Se parafrasando la teoria dell’amplificazione dell’errore (M.A.E.) mi dicessero. “Tira fuori qualcosa che con il M.A.E. non c’entra proprio nulla, distante anni luce dalla teoria del M.A.E.” d’istinto direi: “La metodica di allenamento con i sovraccarichi, i cosiddetti pesi”.
M.A.E. e pesi sono due mondi letteralmente diversi. Con il primo andiamo a speculare il più possibile sulle capacità del sistema nervoso per ottimizzare la preparazione con la finalità di migliorare il rendimento in una determinata disciplina sportiva alterando meno possibile alcuni parametri funzionali di carattere generale della “macchina umana”. Con il secondo alteriamo in modo talvolta anche drammatico tali parametri, provocando quasi sempre delle modificazioni di carattere strutturale, non sempre reversibili e senza essere sicuri che tutto ciò comporti un effettivo miglioramento delle capacità prestative in un ben determinato ambito.

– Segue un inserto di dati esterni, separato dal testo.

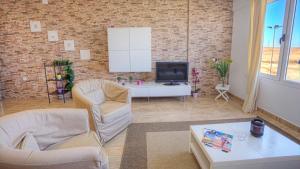 Televízia a/alebo spoločenská miestnosť v ubytovaní Edificio Prieto VIV 2C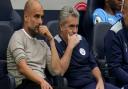 Juanma Lillo and Pep Guardiola in the Manchester City dugout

Allora è lecito chiedersi perché il M.A.E. è così poco dffuso mentre i pesi continuano ad imperversare nella preparazione di un gran numero di atleti e “non”.
Parte importante della risposta sta in quel “non”. Lo sport come comunemente inteso è un po’ in crisi. Funziona ancora bene come sport spettacolo, come contenitore che veicola molto bene la pubblicità e dunque gli sponsor continuano ad affluire allo sport spettacolo, ma lo sport autentico, quello dei comuni cittadini è un po’ in crisi perché costa sacrificio e dedizione, non ha una grande visibilità non ha sponsor che lo tengono in piedi e anche a livello di enti pubblici, almeno in Italia, non è sostenuto con la stessa energia con la quale è sostenuto lo sport spettacolo. E’ più facile ristrutturare uno stadio da ventimila spettatori che un impianto sportivo che serve tremila cittadini ma non porta nessuno spettatore.
C’è un emorragia di atleti veri dello sport di base verso il mondo delle palestre dove si pratica un certo tipo di attività fisica ma non ci si prepara per nessuno sport. Tutto sommato, per quanto sia faticoso ed impegnativo sollevare pesi, se non c’è un risultato agonistico da conseguire può risultare anche più accomodante e gratificante aumentare la massa muscolare senza nessuna verifica agonistica che non stressarsi ad impostare una preparazione che non sempre porta ai risultati sperati.
Il vero sollevatore di pesi, quello che faceva le gare, è una razza in estinzione perché l’atletica pesante era una disciplina veramente impegnativa e ricca di contenuti tecnici, ormai si sollevano pesi con tutt’altra filosofia, con finalità estetiche e non agonistiche, anche se il rendimento sportivo non migliora non gliene frega niente a nessuno.
Per certi versi è una filosofia più rilassata, meno stressante, solo che non si capisce perché uno deva sollevare pesi solo per il gusto di sollevare pesi o per il gusto di aumentare massa muscolare.
Forse è lo stesso motivo per il quale ci sono podisti che non migliorano mai le loro capacità prestative che corrono per il gusto di correre o addirittura solo per il gusto di dimagrire.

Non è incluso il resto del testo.